02 Variation Metrics
Jupyter notebook from the Within-Species AMR Strain Variation project.
NB02: Within-Species AMR Variation Metrics¶
Goal: Classify each AMR gene as fixed/variable/rare within each species. Compute diversity indices and cross-species variation patterns.
Compute: Local (10-20 min)
Inputs: data/genome_amr_matrices/*.tsv from NB01
Outputs:
data/amr_variation_by_species.csv— per-species variation summarydata/amr_prevalence_by_gene.csv— per-gene prevalence within each species
In [1]:
import os
import pandas as pd
import numpy as np
from pathlib import Path
from scipy import stats
from scipy.spatial.distance import pdist, squareform
import matplotlib.pyplot as plt
import seaborn as sns
import warnings
warnings.filterwarnings('ignore', category=FutureWarning)
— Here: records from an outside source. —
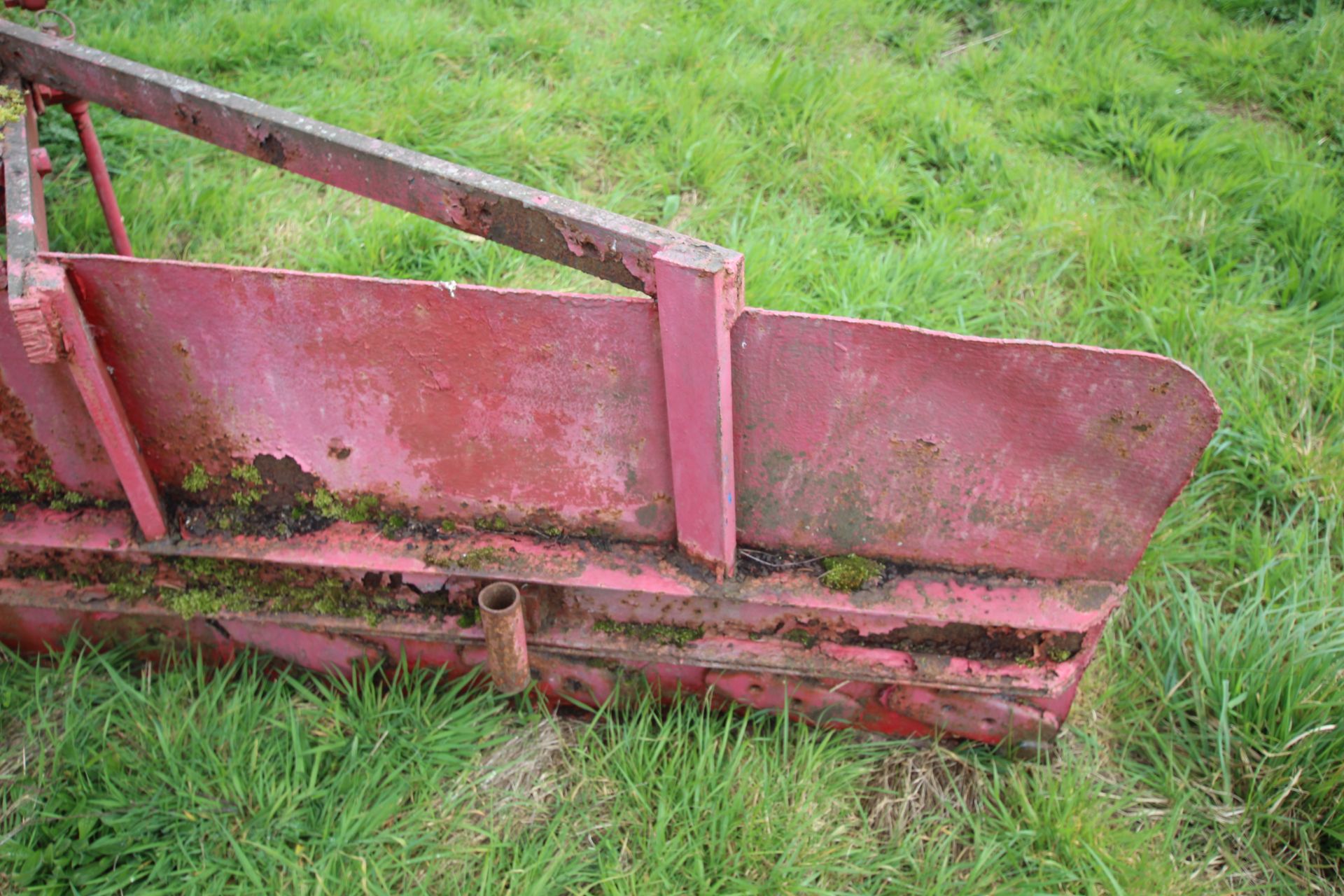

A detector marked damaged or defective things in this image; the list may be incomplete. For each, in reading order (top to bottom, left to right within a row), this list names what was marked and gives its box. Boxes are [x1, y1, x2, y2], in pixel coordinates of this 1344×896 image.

rusty steel beam [0, 20, 736, 298]
rusty pipe stub [478, 582, 529, 693]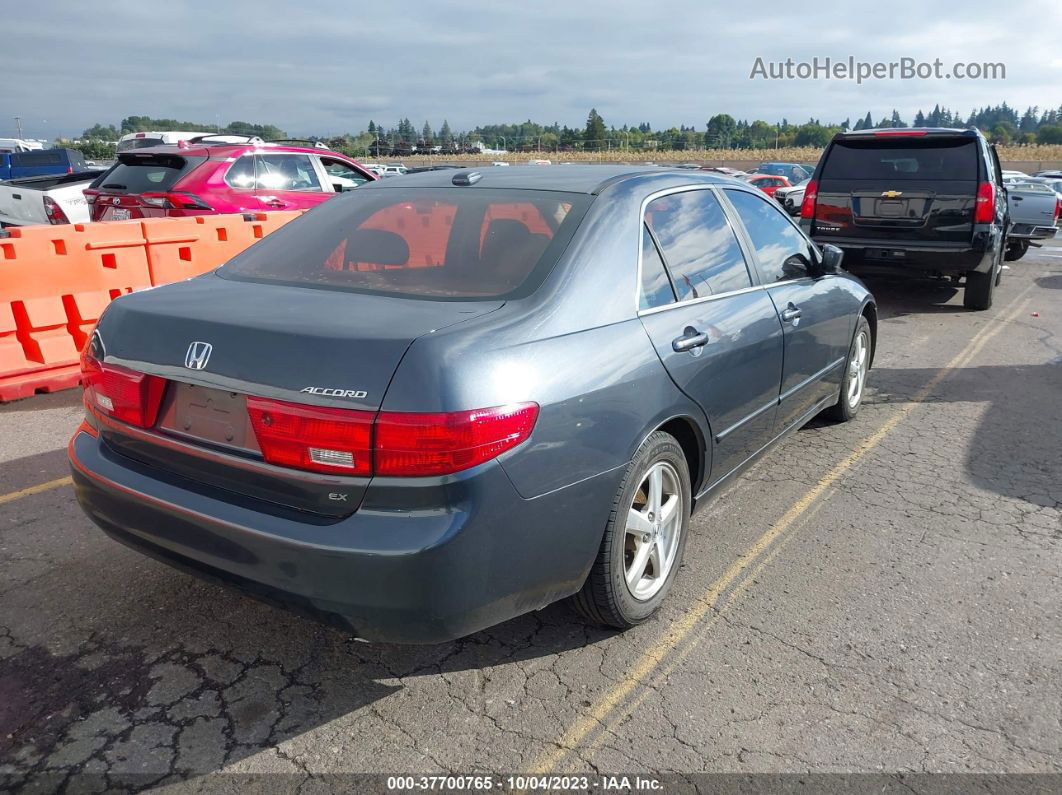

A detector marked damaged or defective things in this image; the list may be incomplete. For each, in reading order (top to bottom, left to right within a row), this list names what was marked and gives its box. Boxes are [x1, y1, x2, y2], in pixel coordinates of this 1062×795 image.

cracked asphalt [0, 242, 1057, 789]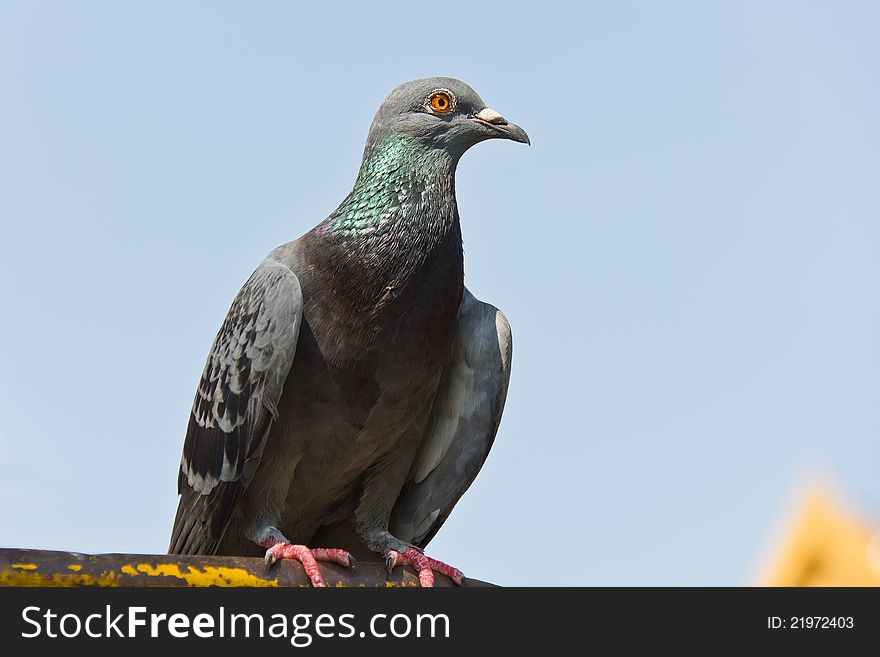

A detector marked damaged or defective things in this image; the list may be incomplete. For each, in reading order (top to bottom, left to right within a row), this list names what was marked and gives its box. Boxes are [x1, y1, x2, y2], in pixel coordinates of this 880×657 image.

rusty metal rail [0, 544, 492, 588]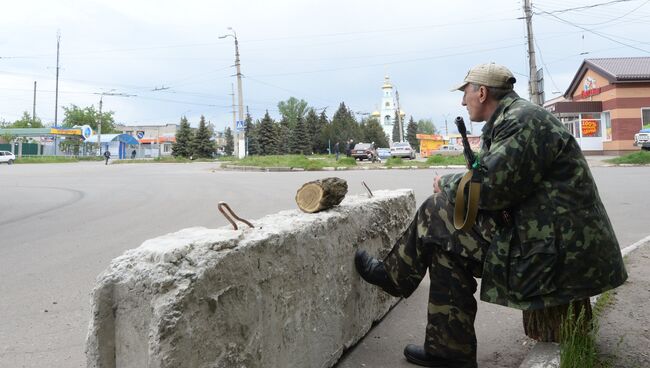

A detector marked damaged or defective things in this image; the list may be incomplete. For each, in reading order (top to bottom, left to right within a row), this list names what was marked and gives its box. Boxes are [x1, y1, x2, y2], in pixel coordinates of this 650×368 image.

rusty rebar loop [215, 201, 251, 230]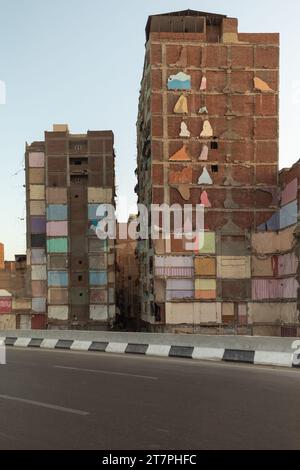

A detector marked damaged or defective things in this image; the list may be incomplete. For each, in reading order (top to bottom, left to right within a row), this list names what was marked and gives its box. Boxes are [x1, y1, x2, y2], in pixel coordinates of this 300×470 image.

torn building facade [25, 125, 116, 330]
torn building facade [137, 9, 298, 336]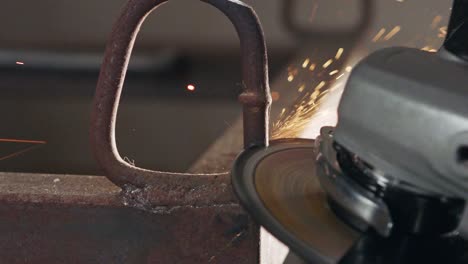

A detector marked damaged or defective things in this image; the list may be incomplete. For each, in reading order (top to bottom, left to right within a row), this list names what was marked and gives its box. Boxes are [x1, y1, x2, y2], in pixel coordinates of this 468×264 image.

rusty metal handle [282, 0, 372, 40]
rusty metal handle [90, 0, 270, 188]
rusted metal surface [0, 172, 258, 262]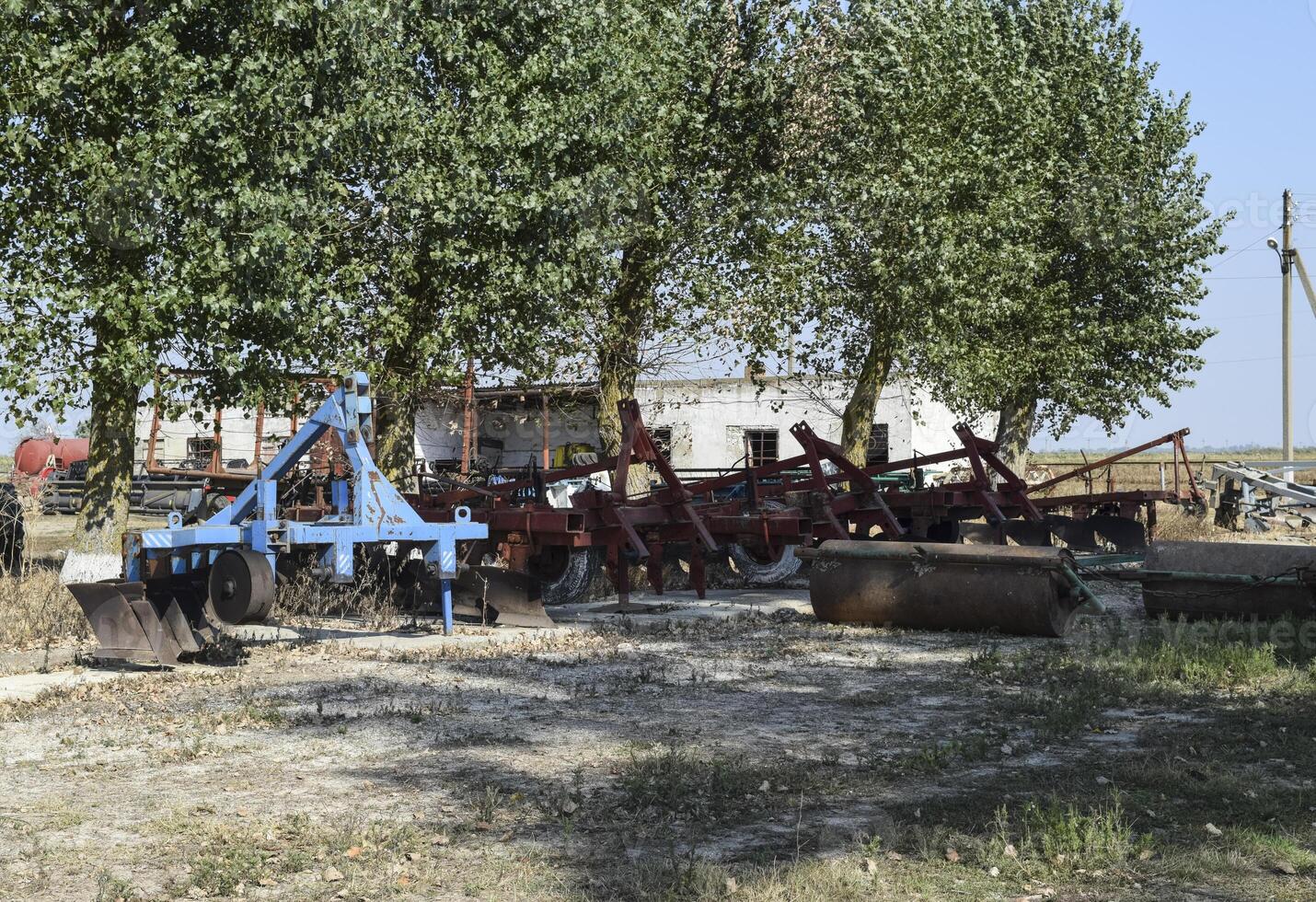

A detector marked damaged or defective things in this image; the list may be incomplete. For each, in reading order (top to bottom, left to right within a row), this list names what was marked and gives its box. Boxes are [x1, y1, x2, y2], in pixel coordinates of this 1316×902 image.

rusty farm equipment [64, 372, 486, 663]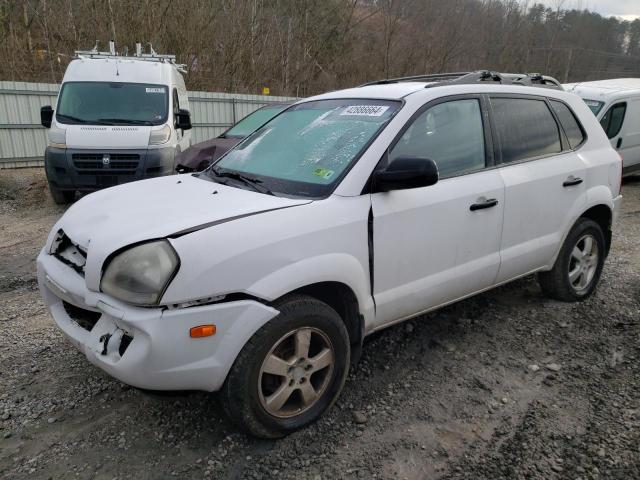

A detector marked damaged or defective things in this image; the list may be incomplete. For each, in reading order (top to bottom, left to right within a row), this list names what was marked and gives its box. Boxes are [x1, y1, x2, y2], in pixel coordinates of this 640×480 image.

damaged front bumper [37, 249, 278, 392]
exposed bumper damage [37, 249, 278, 392]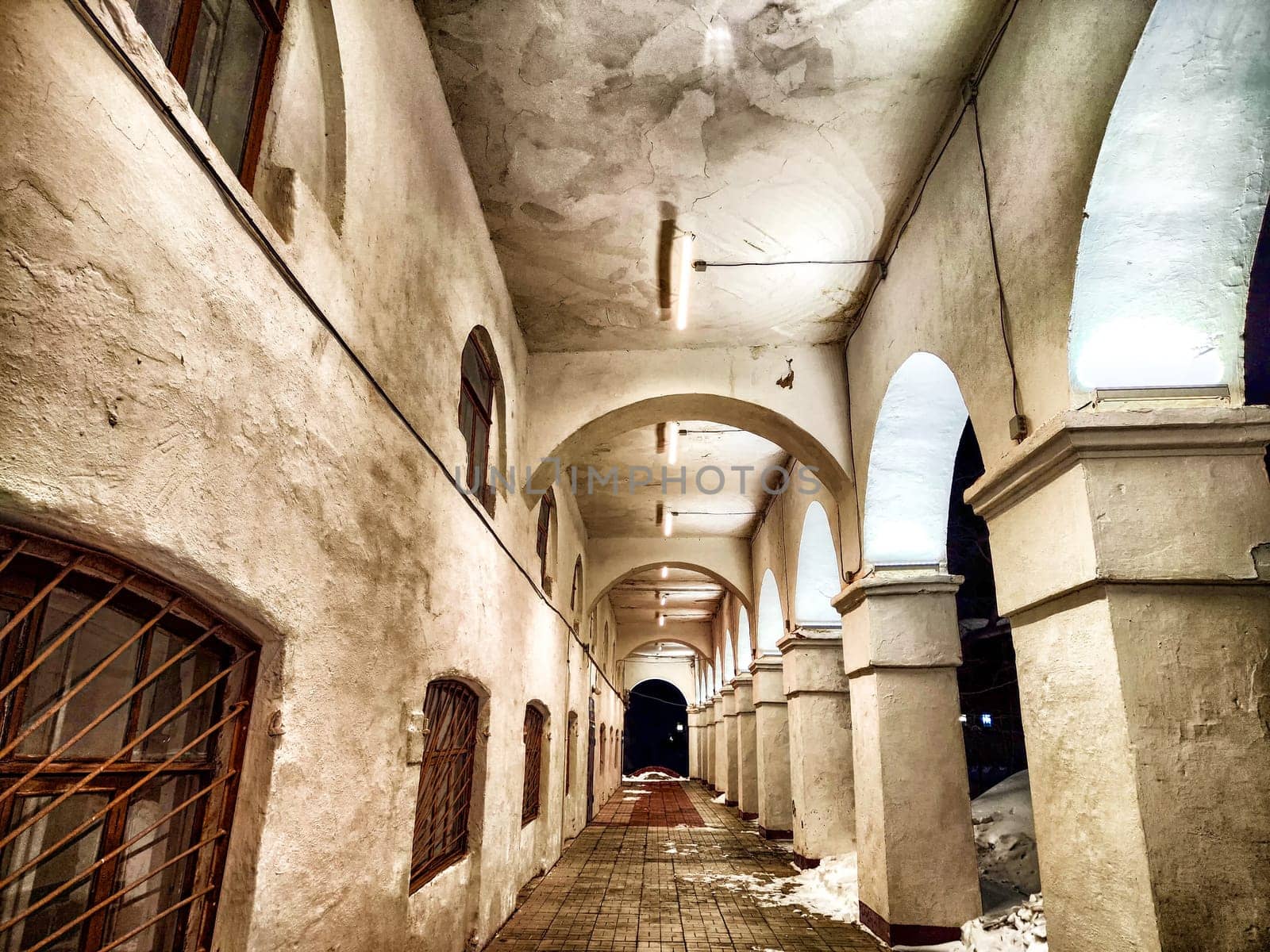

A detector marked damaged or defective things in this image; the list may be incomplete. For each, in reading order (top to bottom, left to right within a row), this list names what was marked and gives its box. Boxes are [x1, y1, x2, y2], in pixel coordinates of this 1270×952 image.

cracked plaster ceiling [421, 0, 1006, 352]
peeling plaster wall [848, 0, 1158, 477]
peeling plaster wall [0, 2, 619, 952]
rusty metal grille [0, 530, 257, 952]
rusty metal grille [409, 680, 477, 893]
rusty metal grille [518, 711, 543, 827]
PROJECT_DIR = Path(os.getcwd()).parent
ATLAS_DIR = PROJECT_DIR.parent / 'amr_pangenome_atlas'
DATA_DIR = PROJECT_DIR / 'data'
MATRIX_DIR = DATA_DIR / 'genome_amr_matrices'
FIG_DIR = PROJECT_DIR / 'figures'
FIG_DIR.mkdir(exist_ok=True)
plt.rcParams.update({'figure.dpi': 150, 'font.size': 10})
1. Load Atlas Data¶
In [2]:
species_summary = pd.read_csv(ATLAS_DIR / 'data' / 'amr_species_summary.csv')
amr_census = pd.read_csv(ATLAS_DIR / 'data' / 'amr_census.csv')
eligible = pd.read_csv(DATA_DIR / 'eligible_species.csv')
# Build AMR gene metadata lookup
amr_meta = amr_census[['gene_cluster_id', 'amr_gene', 'amr_product', 'mechanism',
'conservation_class', 'is_core', 'is_auxiliary', 'is_singleton']].drop_duplicates('gene_cluster_id')
print(f"Eligible species: {len(eligible)}")
print(f"AMR gene metadata: {len(amr_meta)} clusters")
Eligible species: 1307 AMR gene metadata: 82908 clusters
2. Compute Per-Gene Prevalence and Classification¶
In [3]:
def classify_prevalence(freq):
"""Classify AMR gene by within-species prevalence."""
if freq >= 0.95:
return 'fixed'
elif freq <= 0.05:
return 'rare'
else:
return 'variable'
def compute_species_metrics(matrix):
"""Compute variation metrics for one species matrix."""
n_genomes = matrix.shape[0]
n_amr = matrix.shape[1]
# Per-gene prevalence
prevalence = matrix.mean(axis=0)
classes = prevalence.apply(classify_prevalence)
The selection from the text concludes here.